How to complete this task:
Only the lines from the first line of the entries through the line with "Vineyard Andalucia" belong in the answer, each restated word for word and without pictures.

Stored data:

+++++

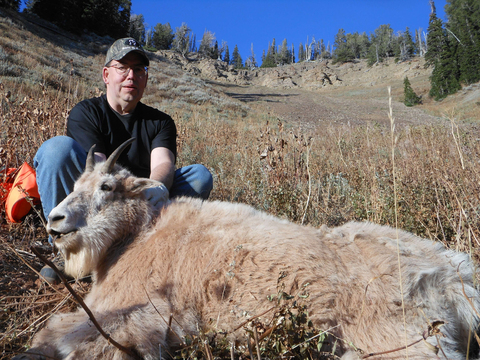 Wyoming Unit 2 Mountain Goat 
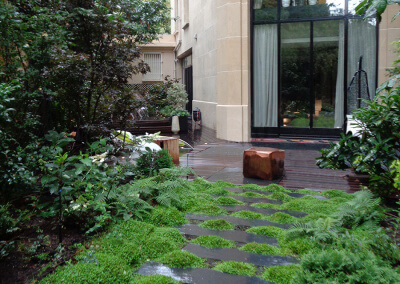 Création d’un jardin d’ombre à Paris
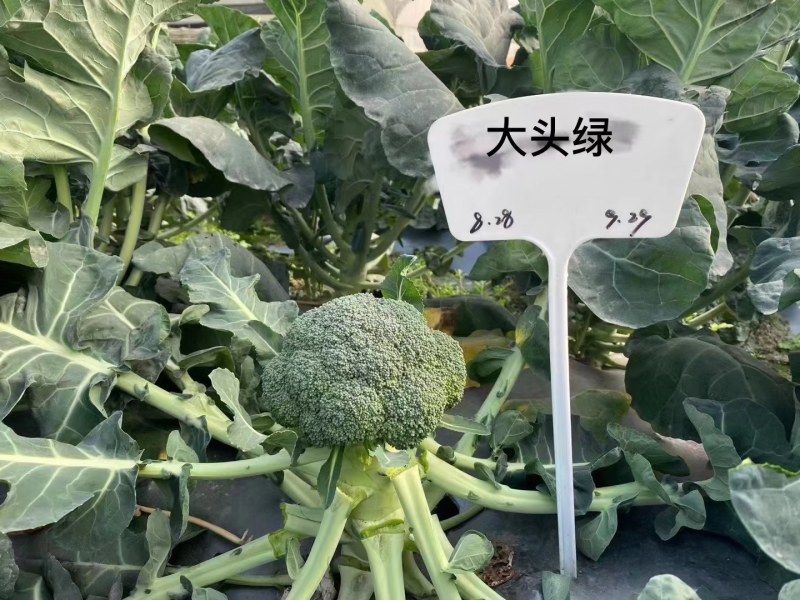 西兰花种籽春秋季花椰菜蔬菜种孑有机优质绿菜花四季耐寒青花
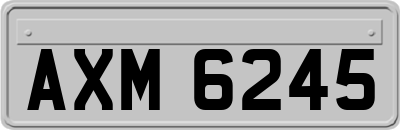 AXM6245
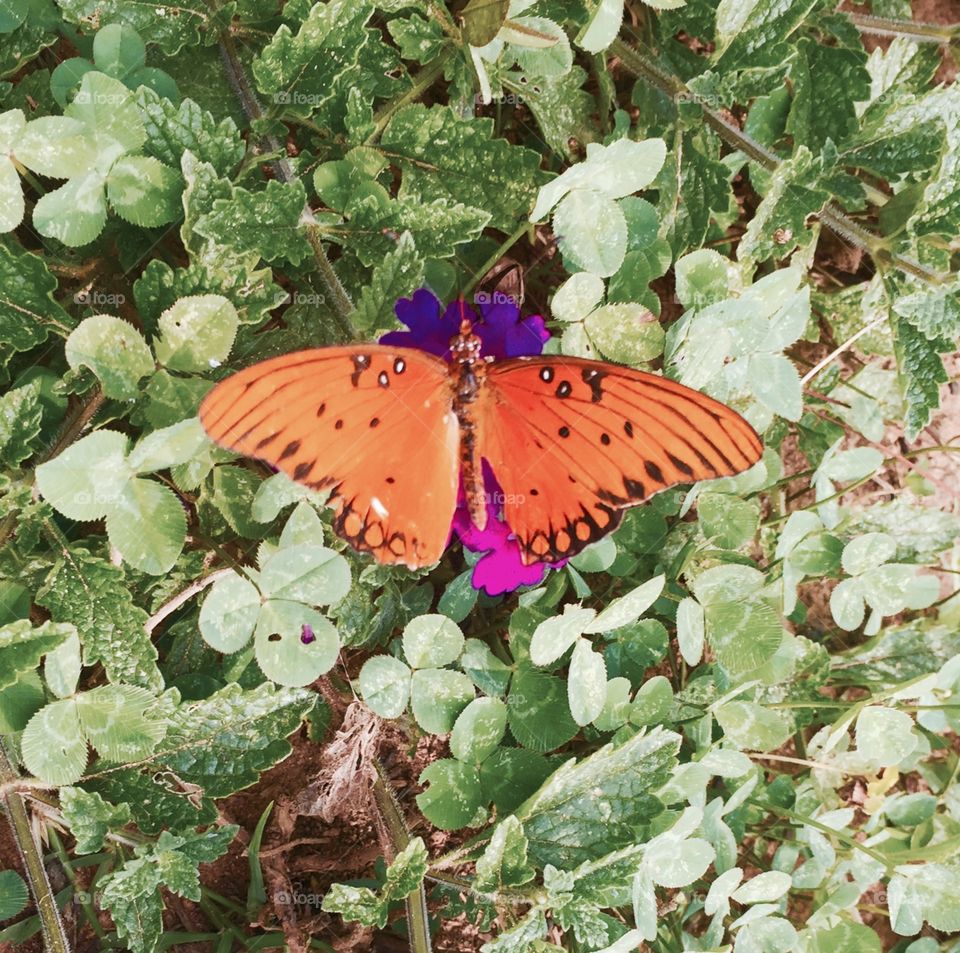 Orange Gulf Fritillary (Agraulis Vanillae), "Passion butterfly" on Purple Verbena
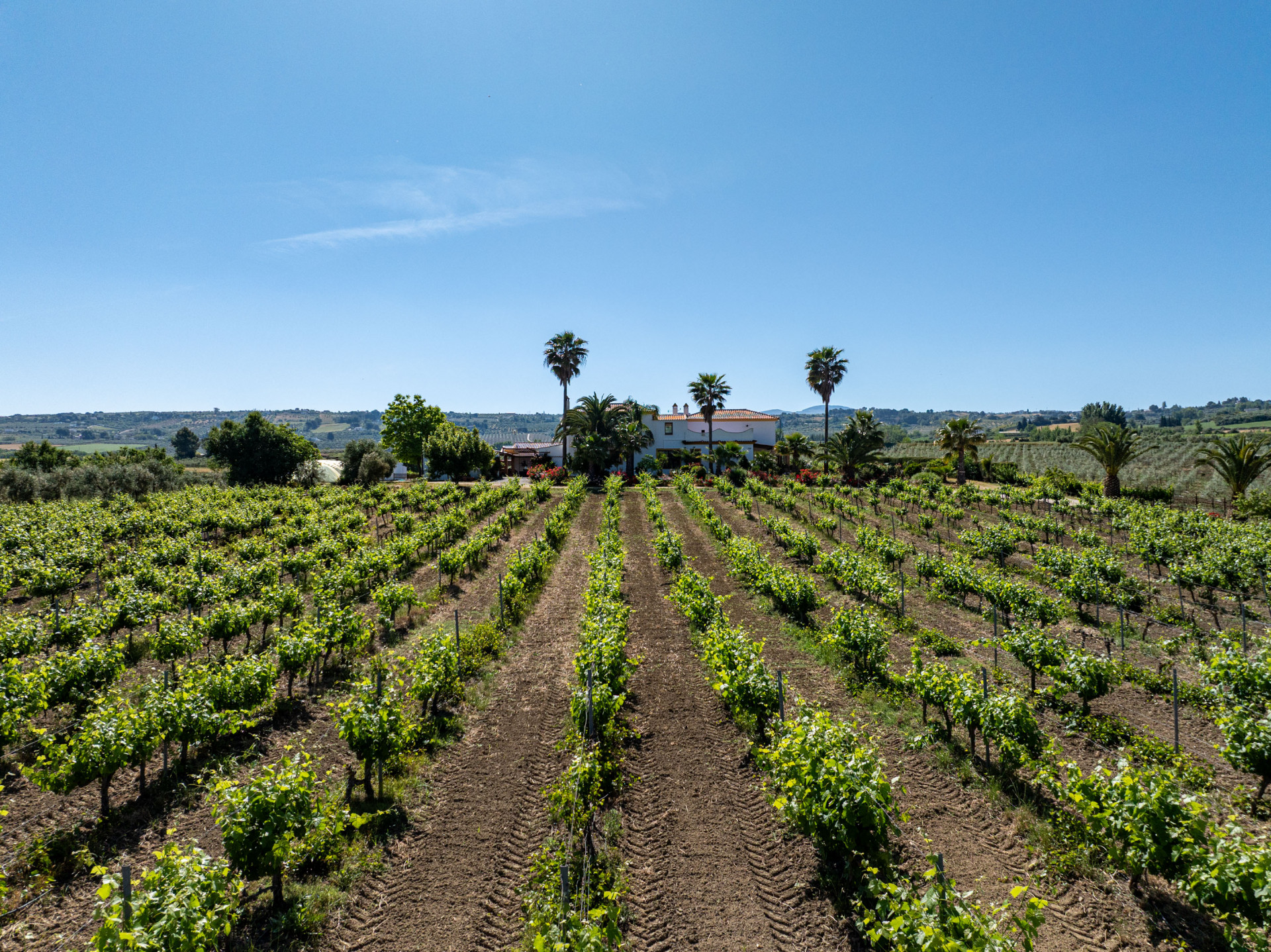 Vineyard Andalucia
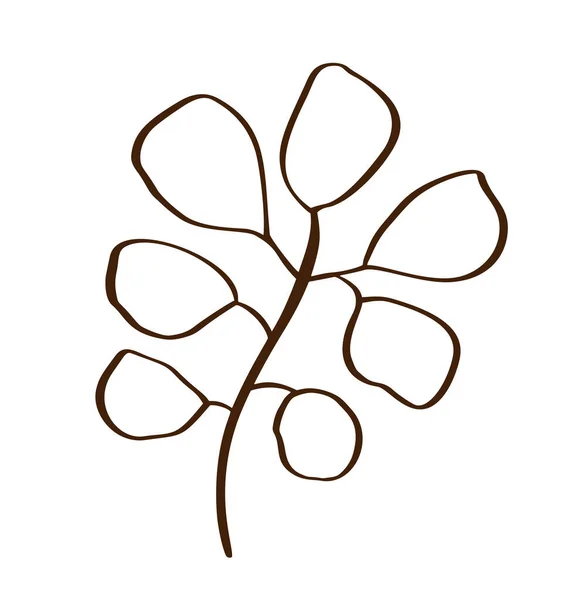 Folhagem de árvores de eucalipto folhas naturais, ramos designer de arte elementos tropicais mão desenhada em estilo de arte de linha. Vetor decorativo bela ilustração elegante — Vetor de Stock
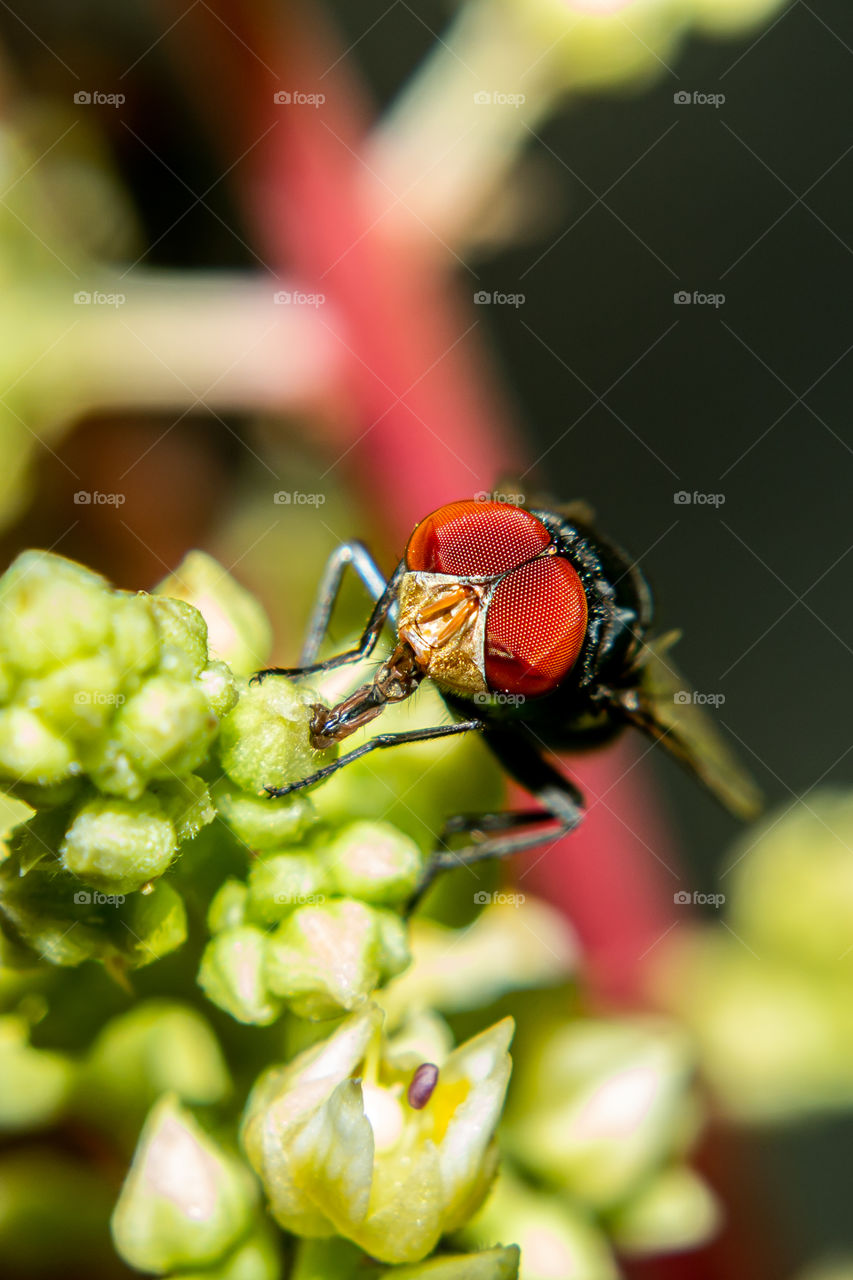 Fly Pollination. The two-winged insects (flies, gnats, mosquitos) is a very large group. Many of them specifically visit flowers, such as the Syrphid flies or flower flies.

+++++

Exercise result:
 Wyoming Unit 2 Mountain Goat 
 Création d’un jardin d’ombre à Paris
 西兰花种籽春秋季花椰菜蔬菜种孑有机优质绿菜花四季耐寒青花
 AXM6245
 Orange Gulf Fritillary (Agraulis Vanillae), "Passion butterfly" on Purple Verbena
 Vineyard Andalucia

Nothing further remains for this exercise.